Un par de cientos de estudiantes se agolpan junto a la entrada de la capilla de la Misericordia. El grupo humano tiene de todo: desde prejubilados ociosos, pasando por funcionarios con esperanzas de ascenso y necesidad de un título que se lo permita, hasta jóvenes en edad realmente universitaria, víctimas quizá de algún numerus clausus en su universidad presencial de preferencia, o condenados a compaginar estudios y trabajos. Y algún elemento extraño, víctima únicamente del deseo de saber, y que a saber en qué grupo clasificarían los demás que, conversando nerviosamente o repasando desesperadamente sus libros y sus notas, esperan que llegue la hora de la verdad.
Lentamente, vamos entrando, vamos tomando nuestros respectivos exámenes, nuestras hojas de respuesta, nuestro papel de borrador, y nos sentamos allí donde nos asignan. Aquí y allá, algún novato inquieto se siente inseguro, los más se lanzan a rellenar sus datos y a escribir, maldiciendo al típico miembro del tribunal que, inoportuno, interrumpe la concentración de casi todos para realizar algún anuncio que bien podía haber dicho antes.
Los que se han presentado sólo para cubrir el expediente, o los que tienen la suerte de tener un examen tipo test que han terminado rápidamente, comienzan a desfilar. Los demás sufrimos estoicamente las dos horas de rigor, luchando contra el papel y el bolígrafo.
Apretatus intellectus ingeniat et rapiat.

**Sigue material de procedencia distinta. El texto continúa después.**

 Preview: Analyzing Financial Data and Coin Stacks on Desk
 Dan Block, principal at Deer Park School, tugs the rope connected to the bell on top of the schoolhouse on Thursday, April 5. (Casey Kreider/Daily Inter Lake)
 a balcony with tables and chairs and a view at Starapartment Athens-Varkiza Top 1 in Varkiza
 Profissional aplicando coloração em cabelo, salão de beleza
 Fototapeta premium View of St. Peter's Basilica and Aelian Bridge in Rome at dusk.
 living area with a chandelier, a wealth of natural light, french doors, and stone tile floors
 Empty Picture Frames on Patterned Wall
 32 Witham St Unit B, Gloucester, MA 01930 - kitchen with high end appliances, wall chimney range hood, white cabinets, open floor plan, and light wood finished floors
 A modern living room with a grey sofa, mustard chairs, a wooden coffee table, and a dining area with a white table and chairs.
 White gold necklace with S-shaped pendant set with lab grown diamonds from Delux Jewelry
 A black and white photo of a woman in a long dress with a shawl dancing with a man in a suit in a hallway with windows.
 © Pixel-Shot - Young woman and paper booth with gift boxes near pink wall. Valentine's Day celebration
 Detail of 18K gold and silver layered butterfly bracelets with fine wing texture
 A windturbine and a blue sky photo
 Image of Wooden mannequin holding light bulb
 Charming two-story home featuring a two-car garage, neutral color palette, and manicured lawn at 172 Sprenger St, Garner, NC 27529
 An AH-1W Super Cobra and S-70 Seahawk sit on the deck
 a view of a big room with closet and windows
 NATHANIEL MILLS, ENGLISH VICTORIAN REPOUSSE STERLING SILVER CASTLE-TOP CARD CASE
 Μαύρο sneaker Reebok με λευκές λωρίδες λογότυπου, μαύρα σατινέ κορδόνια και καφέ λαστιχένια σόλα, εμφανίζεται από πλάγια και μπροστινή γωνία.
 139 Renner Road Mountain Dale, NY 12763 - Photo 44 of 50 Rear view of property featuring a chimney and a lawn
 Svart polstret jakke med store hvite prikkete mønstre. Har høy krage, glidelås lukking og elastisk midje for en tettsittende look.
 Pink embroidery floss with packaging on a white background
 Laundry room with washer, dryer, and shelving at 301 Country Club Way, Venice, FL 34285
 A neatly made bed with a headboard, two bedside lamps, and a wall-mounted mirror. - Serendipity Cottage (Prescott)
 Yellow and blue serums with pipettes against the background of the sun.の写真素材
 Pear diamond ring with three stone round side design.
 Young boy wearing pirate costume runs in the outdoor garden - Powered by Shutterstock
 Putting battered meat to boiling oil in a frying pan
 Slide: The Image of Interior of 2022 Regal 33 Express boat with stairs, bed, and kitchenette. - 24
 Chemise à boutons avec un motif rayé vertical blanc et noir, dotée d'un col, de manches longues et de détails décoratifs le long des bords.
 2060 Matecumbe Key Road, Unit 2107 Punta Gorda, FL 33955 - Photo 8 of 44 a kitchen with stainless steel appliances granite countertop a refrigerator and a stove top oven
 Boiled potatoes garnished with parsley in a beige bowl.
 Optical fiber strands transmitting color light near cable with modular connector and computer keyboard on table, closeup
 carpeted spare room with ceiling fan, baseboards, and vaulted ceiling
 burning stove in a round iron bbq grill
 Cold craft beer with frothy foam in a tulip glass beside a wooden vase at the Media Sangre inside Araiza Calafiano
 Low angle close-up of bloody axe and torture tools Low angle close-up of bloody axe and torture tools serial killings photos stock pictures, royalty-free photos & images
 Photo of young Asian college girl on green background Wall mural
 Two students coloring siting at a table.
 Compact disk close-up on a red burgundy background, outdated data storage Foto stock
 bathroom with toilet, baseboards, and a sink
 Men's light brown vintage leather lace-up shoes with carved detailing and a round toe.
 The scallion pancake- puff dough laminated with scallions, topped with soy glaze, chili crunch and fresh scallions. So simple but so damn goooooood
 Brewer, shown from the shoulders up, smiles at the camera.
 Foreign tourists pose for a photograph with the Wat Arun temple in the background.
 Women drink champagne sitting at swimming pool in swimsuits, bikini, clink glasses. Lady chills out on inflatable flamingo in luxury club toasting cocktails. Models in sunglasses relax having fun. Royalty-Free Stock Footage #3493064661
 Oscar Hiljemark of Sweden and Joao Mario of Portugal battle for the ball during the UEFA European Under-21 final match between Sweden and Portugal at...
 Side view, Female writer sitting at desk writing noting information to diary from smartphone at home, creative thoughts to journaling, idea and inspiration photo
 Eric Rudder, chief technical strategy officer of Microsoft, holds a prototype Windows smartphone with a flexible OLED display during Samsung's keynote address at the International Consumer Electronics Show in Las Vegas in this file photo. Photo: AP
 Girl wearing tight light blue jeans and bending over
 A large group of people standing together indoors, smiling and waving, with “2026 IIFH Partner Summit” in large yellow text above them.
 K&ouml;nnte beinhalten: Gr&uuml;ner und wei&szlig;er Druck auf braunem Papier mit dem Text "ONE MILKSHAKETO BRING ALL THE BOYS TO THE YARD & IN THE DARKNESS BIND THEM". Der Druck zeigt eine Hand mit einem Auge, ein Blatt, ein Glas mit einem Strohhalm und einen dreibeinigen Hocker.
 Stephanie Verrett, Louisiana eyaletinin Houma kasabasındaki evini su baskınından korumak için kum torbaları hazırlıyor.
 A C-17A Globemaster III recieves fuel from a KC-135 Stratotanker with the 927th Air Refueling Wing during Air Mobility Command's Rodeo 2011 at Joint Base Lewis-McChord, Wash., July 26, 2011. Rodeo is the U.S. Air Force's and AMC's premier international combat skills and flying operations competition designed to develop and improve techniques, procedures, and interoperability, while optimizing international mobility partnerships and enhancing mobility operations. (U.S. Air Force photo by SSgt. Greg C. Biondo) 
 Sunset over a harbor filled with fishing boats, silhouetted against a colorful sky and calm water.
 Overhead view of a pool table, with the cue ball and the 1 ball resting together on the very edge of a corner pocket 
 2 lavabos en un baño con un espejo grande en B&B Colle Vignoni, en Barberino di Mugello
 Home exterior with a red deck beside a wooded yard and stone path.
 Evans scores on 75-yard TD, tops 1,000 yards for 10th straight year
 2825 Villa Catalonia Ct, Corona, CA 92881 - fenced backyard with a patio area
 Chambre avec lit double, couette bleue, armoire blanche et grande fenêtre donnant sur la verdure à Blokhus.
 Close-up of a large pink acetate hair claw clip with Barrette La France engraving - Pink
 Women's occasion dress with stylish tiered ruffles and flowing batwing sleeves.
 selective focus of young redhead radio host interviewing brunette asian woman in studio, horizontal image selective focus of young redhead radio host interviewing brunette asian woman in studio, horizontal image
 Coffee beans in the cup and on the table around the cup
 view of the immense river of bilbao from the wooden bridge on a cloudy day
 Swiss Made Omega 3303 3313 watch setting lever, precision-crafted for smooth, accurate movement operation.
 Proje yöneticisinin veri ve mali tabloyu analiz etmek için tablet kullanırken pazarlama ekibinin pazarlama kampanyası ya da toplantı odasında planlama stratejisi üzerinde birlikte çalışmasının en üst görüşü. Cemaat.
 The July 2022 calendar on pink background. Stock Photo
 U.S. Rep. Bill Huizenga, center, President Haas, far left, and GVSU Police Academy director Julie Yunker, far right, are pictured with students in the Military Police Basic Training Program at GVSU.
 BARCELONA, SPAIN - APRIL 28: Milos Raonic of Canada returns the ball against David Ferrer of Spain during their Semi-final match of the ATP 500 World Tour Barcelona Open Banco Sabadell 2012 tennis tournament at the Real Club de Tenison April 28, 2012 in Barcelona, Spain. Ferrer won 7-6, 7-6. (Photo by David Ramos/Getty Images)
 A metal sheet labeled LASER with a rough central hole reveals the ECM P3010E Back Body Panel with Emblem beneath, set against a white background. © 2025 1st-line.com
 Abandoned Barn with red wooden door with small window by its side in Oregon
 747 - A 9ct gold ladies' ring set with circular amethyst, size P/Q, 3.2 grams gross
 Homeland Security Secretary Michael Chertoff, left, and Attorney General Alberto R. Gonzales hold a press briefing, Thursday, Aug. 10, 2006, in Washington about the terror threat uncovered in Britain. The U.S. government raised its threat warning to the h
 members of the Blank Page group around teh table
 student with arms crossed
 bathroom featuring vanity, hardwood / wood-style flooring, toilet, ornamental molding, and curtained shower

Ya lo creo.
Era el tercer y último examen de la semana. Aliviado por el hecho de no tener ninguno más, aunque contrariado por el hecho, menos favorable, de tener que volver a septiembre, visto el resultado que amenaza, salgo de la capilla y me dirijo a mi fiel vehículo. En el camino reconozco a alguien, una mujer de pelo largo, abundante, con tinte caoba que dejaba entrever algunas canas y que estaba hablando con otra mujer.
- Eh, Ziur, ¿cómo estás?
- Holaaaa - han pasado los años, pero el tono displicente y la voz melosa no lo han hecho. Tampoco el olor a tabaco que la impregna.
- ¿Qué tal te va? ¿Y cómo tienes a la familia? -hago un intento de pasar por alto el tono y de mostrar cierto interés por una persona a la que no había visto en los últimos casi dos años.
Algunas noticias, lo más escuetas posibles, de la familia, se suceden.
- Y tú, ¿qué tal? -pregunta Ziur, lo que es todo un detalle- ¿Sigues alláa?
- Sigo allá.
Ziur hace una pequeña pausa, a la que sigue una mirada como de hartazgo.
- No nos vemos nuncaa -dice, arrastrando la última a, con un tono que parecería invitar a vernos con más frecuencia, nosotros dos y el grupo que formábamos, si no fuera porque era demasiado meloso para ser auténtico. Y porque la mirada, y la pose toda, seguía siendo de hartazgo.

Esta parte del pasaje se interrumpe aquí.